Groovy3: how to get "Java lambdas" instead of closures?


I did some tests in Groovy3 and Java lambda expressions are mostly interpreted as closures instead of as Functional Interface instances. How can I make lambdas work with Generics in a practical way (without coercion) and how does Groovy4 compare?

@CompileStatic

// lambda (ok!)
Supplier<String> s = 5::toString
// decompiled
Supplier s = DefaultGroovyMethods::toString;

// closure (wth?)
Supplier<String> s
s = 5::toString
// decompiled
Supplier s = null;
Closure var3 = ScriptBytecodeAdapter.getMethodPointer(5, "toString"); 
s = (Supplier)ScriptBytecodeAdapter.castToType(var3, Supplier.class);

// lambda
void test(Supplier<String> s) {}
test(5::toString)
// decompiled
test(DefaultGroovyMethods::toString);

// fails with "Groovyc: The argument is a method reference, 
// but the parameter type is not a functional interface"
<T> void test(T s) {}
this.<Supplier<String>>test(5::toString)

// closure (fails without coercion)
List<Supplier<String>> list = [5::toString]

// lambda (works, but cumbersome)
Supplier<String> s = 5::toString
List<Supplier<String>> list = [s]

// closure (fails without coercion)
List<Supplier<String>> list = []
list.add(5::toString)

I would expect that statically compiled Java lambda syntax always enforces Java lambda semantics.


Solution

  • Lambdas and method references are a new feature for Groovy 3. With that in mind, the goal under Static Compilation (@CompileStatic) was to work like Java.
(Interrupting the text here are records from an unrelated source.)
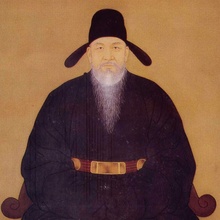 Jeong Dojeon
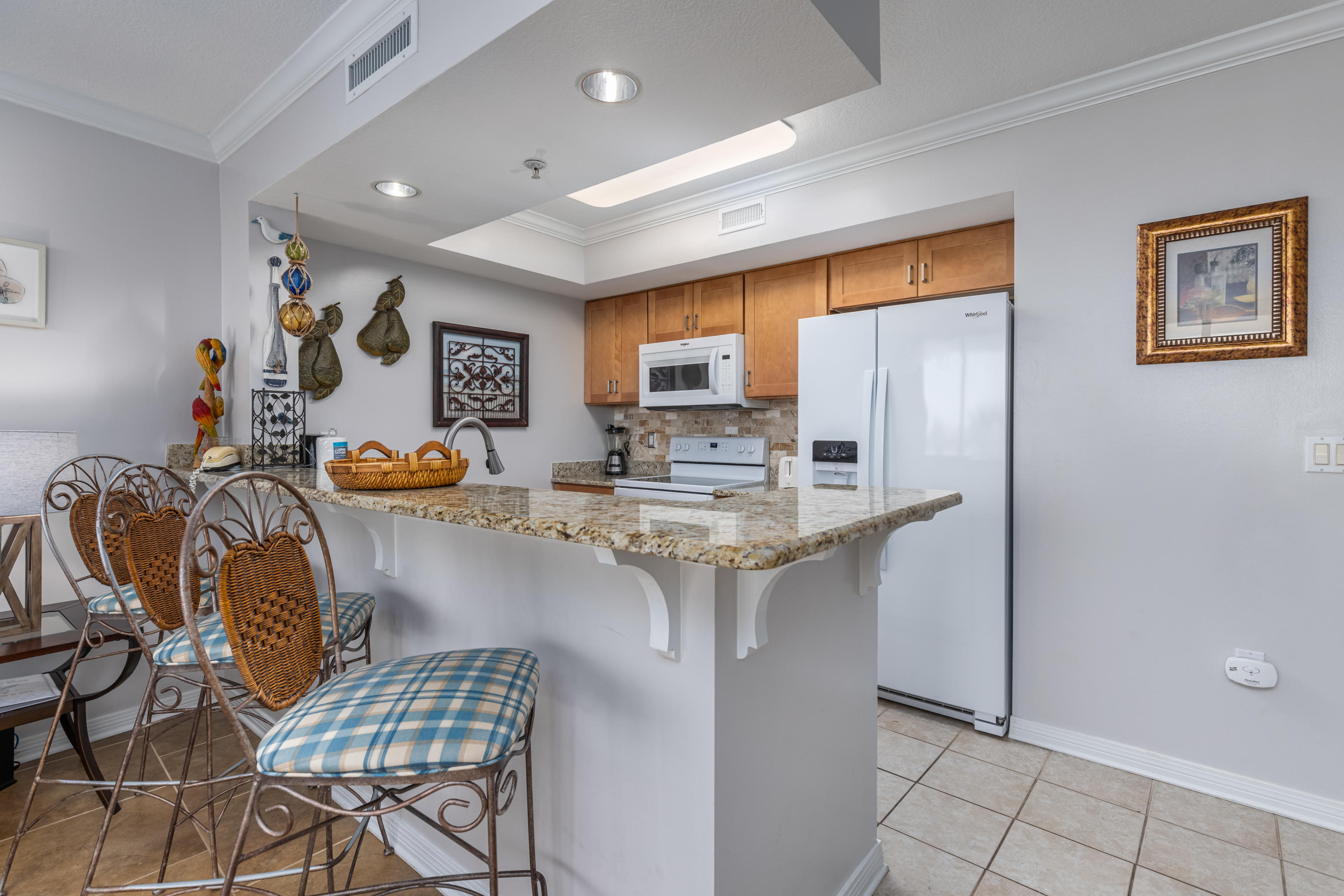 DESTIN WEST PELICAN - Residential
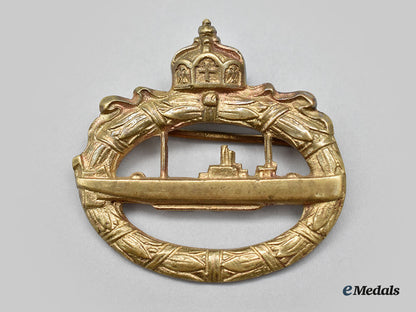 germany,_imperial._a_u-_boat_war_badge_l22_mnc6592_048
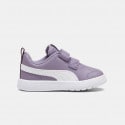 Puma Courtflex V3 V Inf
However, there are some edge cases that have come in as bugs and have been fixed since Groovy 3.0.0 and some that have not. You have hit on some of these edge cases.

    When Groovy cannot detect that the target of a lambda or method reference expression is a functional interface, it falls back on closure or method pointer handling respectively. This is why you are seeing "ScriptBytecodeAdapter.getMethodPointer" for the split declaration.

    I have a bug fix that will go into Groovy 3.0.22 for the split declaration (see GROOVY-11363). This case should already be handled properly (as you would expect) in Groovy 4.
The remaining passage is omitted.